What’s Your Skill Story? You have lots of skills, but each situation will require a focus on different ones. Based on your ideal outcome, select a few Skill Stories that illustrate the Challenge, Action and Result that show your audience you would be great at this particular job. Weave them into your Story of YOU. Here’s a real-life example.
I’ve loved sports my whole life, baseball in particular. I love following baseball and the experience of going to the games. In college I majored in sports marketing and management at the business school and had internships where I learned about PR and sports marketing. A highlight was the summer I worked the NY Yankees driving membership for one of their fan groups. My senior year, the business school offered visits to companies in NYC, and when I visited WME/IMG I loved it immediately. I knew I wanted to be on the sports side of the business but started out working for a variety of clients, including a bank and a department store chain. I always assumed I’d pay my dues and then transition into the sports department.

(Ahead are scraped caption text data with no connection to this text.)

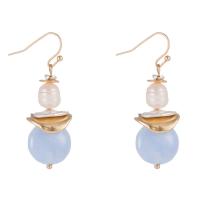 Freshwater Pearl Drop Earring, Zinc Alloy, with Freshwater Pearl, gold color plated, for woman, white 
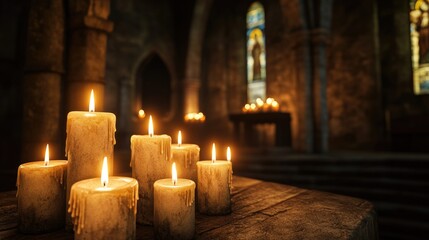 Room with a table in the center, and several candles on it. The candles are lit and arranged in a row, creating a warm and inviting atmosphere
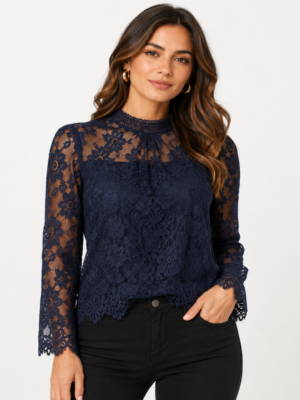 Navy Blue High-Neck Lace Blouse
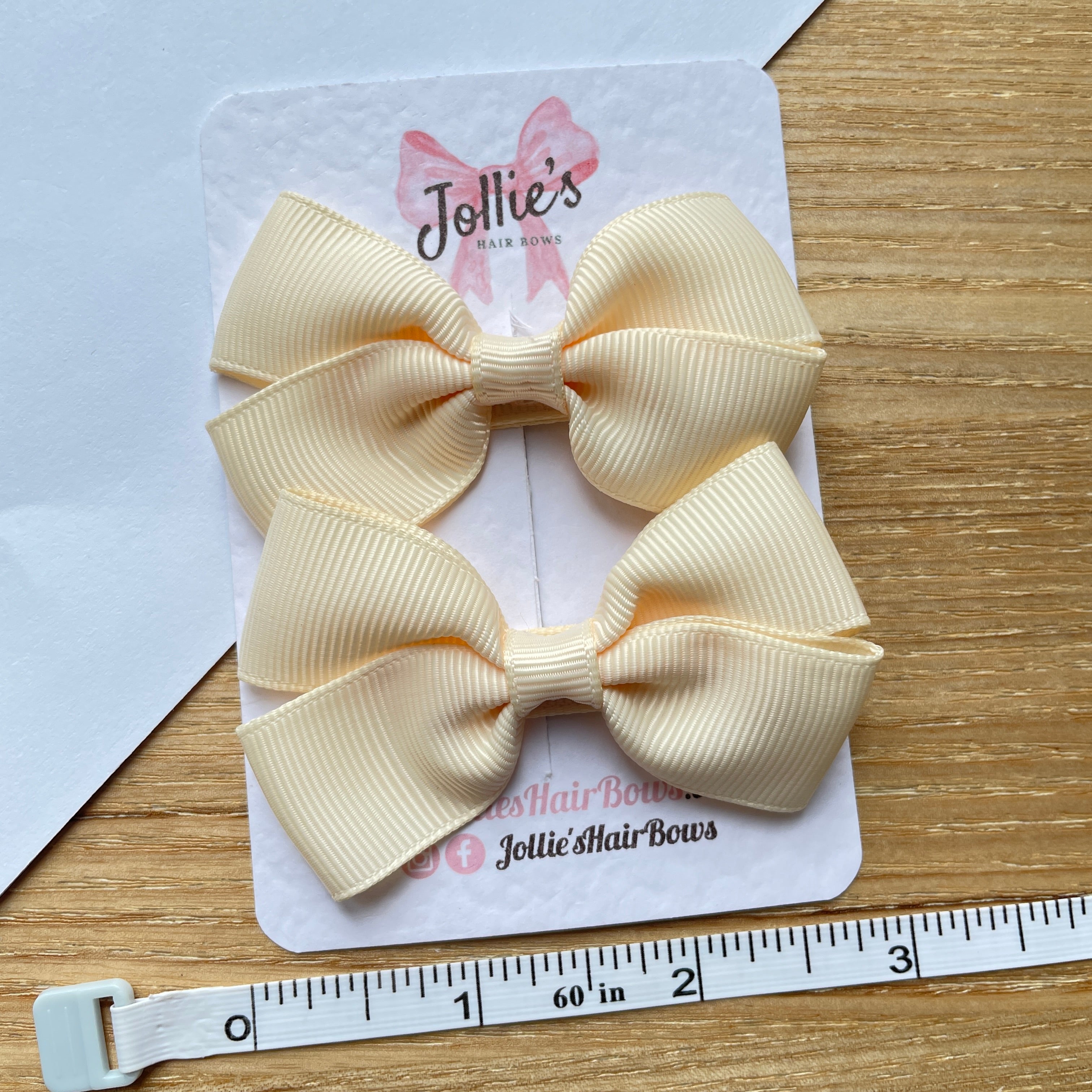 2.75inch Bow with Clip (pair) - Cream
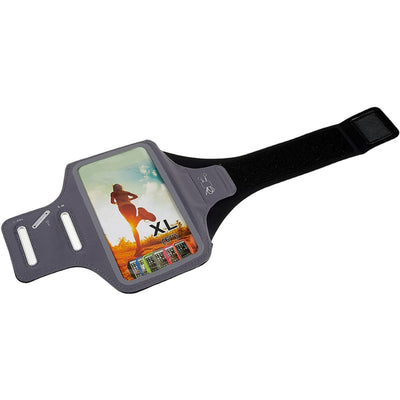 Brassard de sport universel avec trou pour écouteurs pour téléphone de 6 pouces - Gris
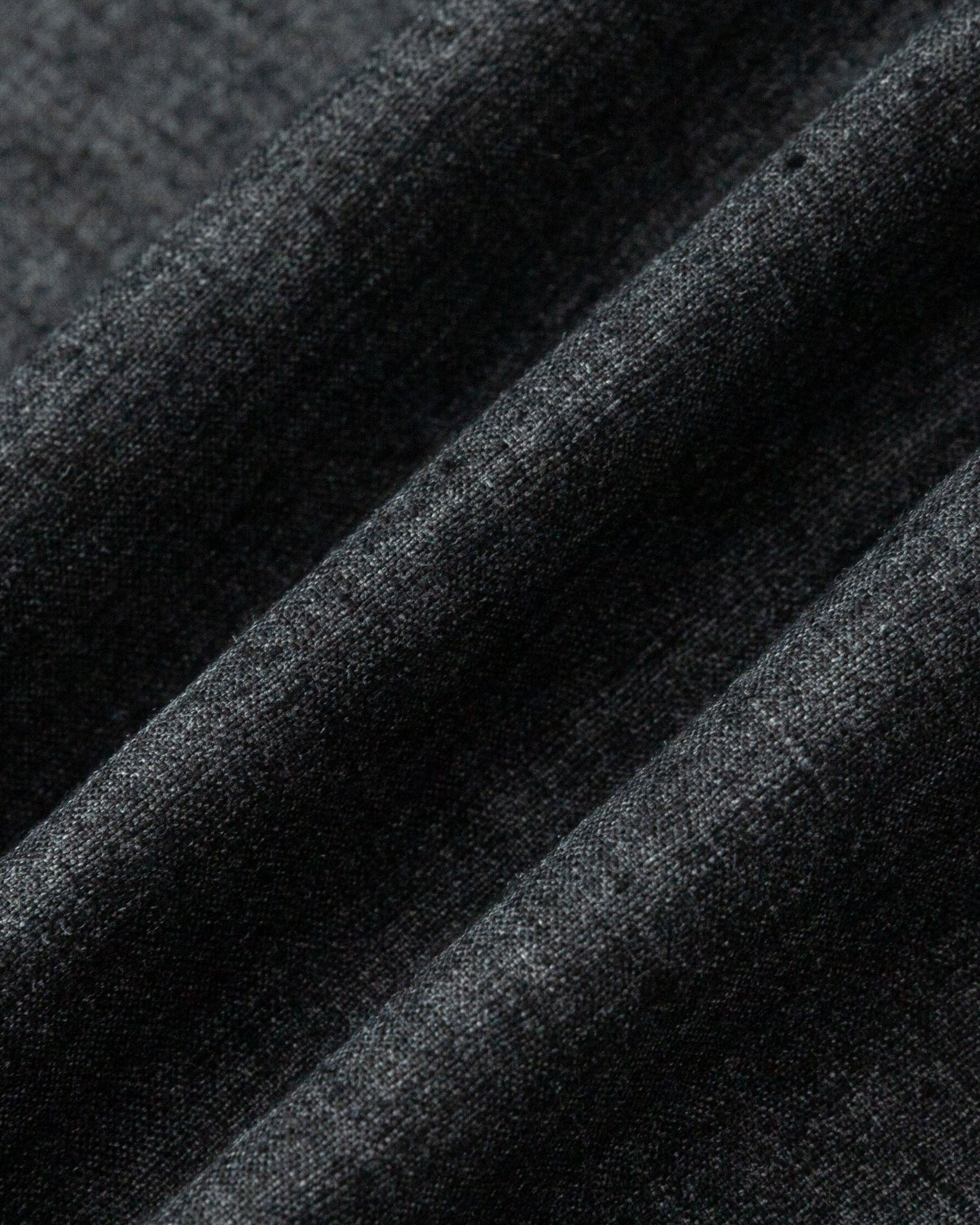 Close-up of hemp blend stretch twill of the Button Front Top (washed black), highlighting breathable weave and subtle sheen.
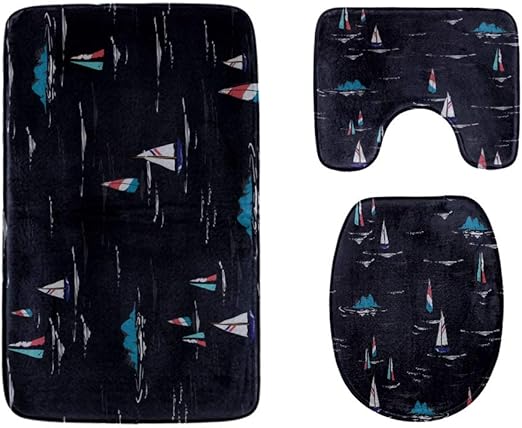 Juego de alfombras de baño Cute Beautiful Summer On The Sea Boat 3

At work, I learned how indispensable my organizational and analytical skills were. I spent hours poring over and synthesizing research, putting together huge program plans and schedules and creating client decks. I especially loved the social impact programs we designed and executed for a banking client. Seeing the appreciation and emotional impact our initiatives had on the people involved made all the work meaningful for me. My bosses praised me for representing the company in such a positive light and and being a great representative for our client.
Here’s a specific example of my work product so you can judge for yourself.
- Challenge: I was working for a big PR agency and we were tasked with creating a partnership on behalf of a large banking client to increase awareness of the bank’s commitment to active military and veterans.
- Action: We agreed that the bank would partner with three well-known bands that were big supporters of military/veterans on a special tour of 10 markets with particular relevance to the bank. Over 5 months, I project-managed the whole program, which had many moving parts including: Communication about partnership details with our bank client and the bands’ management, sourcing of vendors for producing branded merchandise, development of materials for military/veterans, and ultimately, and execution of the program during 10 show dates. Behind the scenes I managed a team to support VIP seating & meet and greet areas with the band for the bank’s military/veteran guests on-site, ensuring they felt comfortable and special.
- Result: The bank provided 200+ military/veterans with a VIP experience, engendering enormous goodwill and top press across the country. The event is now produced annually.
After all the success I’ve had at the company over more than four years, it has become clear that my bosses don’t want to lose me to the sports management group. I’m very anxious to apply my sports management know-how and interest in corporate social responsibility to a role where I can work with a high-performing team focused on a mission to connect with consumers or clients through the love of sports.